# Empfehlungen für Kinderschutzsoftware gesucht



## inzpekta (27. März 2011)

*Empfehlungen für Kinderschutzsoftware gesucht*

Hallo,

ich suche eine zuverlässige Kinderschutzsoftware. Möglichst Freeware natürlich.
Soll bestimmte Internetseiten sperren und Altersgerechtes Surfen ermöglichen.
Black- und Whitelistpflege sollte auch möglich sein...

Irgendwelche Empfehlungen?

Danke schön!


----------



## serafen (27. März 2011)

*AW: Empfehlungen für Kinderschutzsoftware gesucht*

Reichen ggf. die in Windows 7 integrierten Features nicht aus? - Ergänzend vielleicht *Windows Live Family Safety*.

Ansonsten würde ich erstmal mit den Kids über einen verantwortungsvollen Umgang mit dem Medium Internet reden. Separate KISI-Software bremst einerseits das System aus, andererseits kann man jede Software überwinden ...

Ansonsten wäre eine sehr gute - wenngleich kostenpflichtige - Alternative die *Kindersicherung 2011* von Salfeld.

MfG.


----------



## Westfale_09 (27. März 2011)

*AW: Empfehlungen für Kinderschutzsoftware gesucht*

Also. Einen gewissen Schutz hat jedes Antivirenprogramm. G- Data hat eine super Kindersicherung. Da kannst du ggf. Seite festlegen, welche besucht werden dürfen. Oder auch die Überwachung wird zeitlich festgehalten. Das heißt, dass du sehen kannst, wie lange gesurft wurde etc. . 
Zudem werden jegliche anstößigen Seiten gesperrt.
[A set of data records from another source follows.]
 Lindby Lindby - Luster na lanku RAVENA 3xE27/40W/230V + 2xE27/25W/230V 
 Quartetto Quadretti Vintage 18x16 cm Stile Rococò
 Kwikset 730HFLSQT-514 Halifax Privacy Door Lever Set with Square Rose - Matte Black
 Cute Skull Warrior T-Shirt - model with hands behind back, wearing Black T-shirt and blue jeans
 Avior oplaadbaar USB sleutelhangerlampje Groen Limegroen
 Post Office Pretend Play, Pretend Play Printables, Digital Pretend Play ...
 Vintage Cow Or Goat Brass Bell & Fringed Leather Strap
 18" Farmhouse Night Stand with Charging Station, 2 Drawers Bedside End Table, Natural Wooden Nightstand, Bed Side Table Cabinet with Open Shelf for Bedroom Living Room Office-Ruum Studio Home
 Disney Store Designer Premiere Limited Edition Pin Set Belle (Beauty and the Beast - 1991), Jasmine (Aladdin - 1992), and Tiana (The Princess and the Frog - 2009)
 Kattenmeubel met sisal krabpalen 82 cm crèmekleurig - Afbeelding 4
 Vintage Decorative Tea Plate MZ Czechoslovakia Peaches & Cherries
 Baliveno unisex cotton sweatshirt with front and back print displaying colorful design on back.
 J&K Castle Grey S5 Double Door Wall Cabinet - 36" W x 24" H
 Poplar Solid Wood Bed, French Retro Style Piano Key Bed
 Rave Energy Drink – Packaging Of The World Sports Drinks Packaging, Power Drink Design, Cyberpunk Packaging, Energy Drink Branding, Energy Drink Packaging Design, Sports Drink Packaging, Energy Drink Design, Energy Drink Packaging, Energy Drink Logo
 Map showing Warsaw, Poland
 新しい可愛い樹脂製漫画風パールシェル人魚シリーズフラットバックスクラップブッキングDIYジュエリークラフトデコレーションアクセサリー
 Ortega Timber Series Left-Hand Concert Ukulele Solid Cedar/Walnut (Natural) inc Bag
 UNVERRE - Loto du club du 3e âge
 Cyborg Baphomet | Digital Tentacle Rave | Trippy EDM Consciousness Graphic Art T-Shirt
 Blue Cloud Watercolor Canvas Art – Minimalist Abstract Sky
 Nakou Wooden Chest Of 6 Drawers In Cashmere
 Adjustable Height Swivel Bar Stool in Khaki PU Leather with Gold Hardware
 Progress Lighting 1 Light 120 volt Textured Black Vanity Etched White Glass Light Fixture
Ich habe den Kinderschutz selbst noch nicht angewandt. 

Aber sich über das Produkt schlau machen, kostet ja nichts 

Das wäre so eine Alternative für einen guten Schutz.


----------



## inzpekta (27. März 2011)

*AW: Empfehlungen für Kinderschutzsoftware gesucht*

Erst mal herzlichen Dank für die Vorschläge...

Mit dem Windows Schutz hab ich mich noch gar nicht so beschäftigt...
Aber man muß sich dafür wohl bei dem Verein anmelden und das möchte ich erst mal nicht.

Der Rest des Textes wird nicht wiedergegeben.